Sake Dispatch from 1907 – “Potent Liquor is Sake”
I recently came across this century old description of Japanese sake and was thrilled to learn about it’s author, Lafcadio Hearn (1850-1904), a greek born writer who became one of the first western writers to document Japan. He had a Japanese wife and lived in Japan from 1890 until his death in 1904.
The article I found is from a 1907 Colorado newspaper, the Littleton Independent, and was published about 3 years after Hearn’s death. The article outlines his musings on Japanese sake.
It is fun as it describes drinking traditions at Japanese banquets, which many modern day visitors to Japan will well recognize. I also love the description of the intoxication effects of sake: “Luminous exhilaration… then you get very sleepy.” Hope you enjoy this fun time capsule from the early days of sake’s introduction to the west.
POTENT LIQUOR IS SAKE
Lafcadio Hern’s testimony as to Strength of Japanese Wine.
There is no liquor in the world upon which a man becomes so quickly intoxicated as Japanese sake (rice wine), and yet none of which the effects last so short a time. The intoxication is pleasant as the effect of opium or hasheesh.
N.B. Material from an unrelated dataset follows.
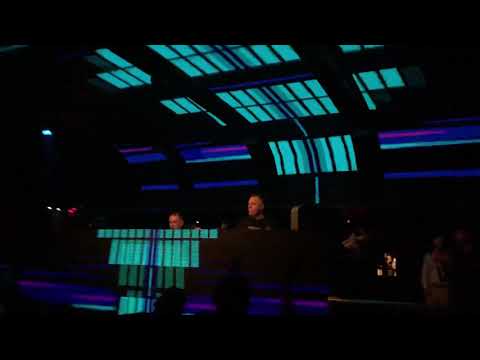 The Thrillseekers b2b MIKE Push Academy LA 2019
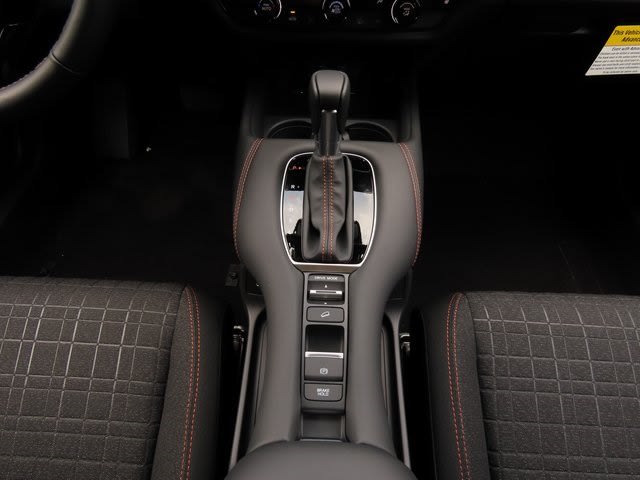 Thumbnail: 2026 Honda HR-V - 14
It is soft, pleasant, luminous exhilaration, everything becoming brighter, happier, lighter; then you get very sleepy.
At Japanese dinners it is the rule to become slightly exhilarated, but not to drink enough to talk thickly or walk crooked. The ability to drink at banquets required practice – long practice.
There are banquets of many kinds, and the man who is invited to one at which extensive drinking may be expected is careful to start in upon an empty or almost empty stomach. By not eating one can drink a good deal. The cups are very small and of many curious shapes. One may be expected to empty 50. A quart of sake is a good deal; two quarts require iron nerves to stand. But among the Japanese there are wonderful drinkers. At a military officer’s banquet a captain offered me a tumbler holding a good pint of sake. I almost fainted at the sight of it, for it was only the first. But a friend said to me: “Only drink a little and pass it back,” which I did. Stronger heads emptied cup after cup like water. – Letters of Lafcadio Hearn.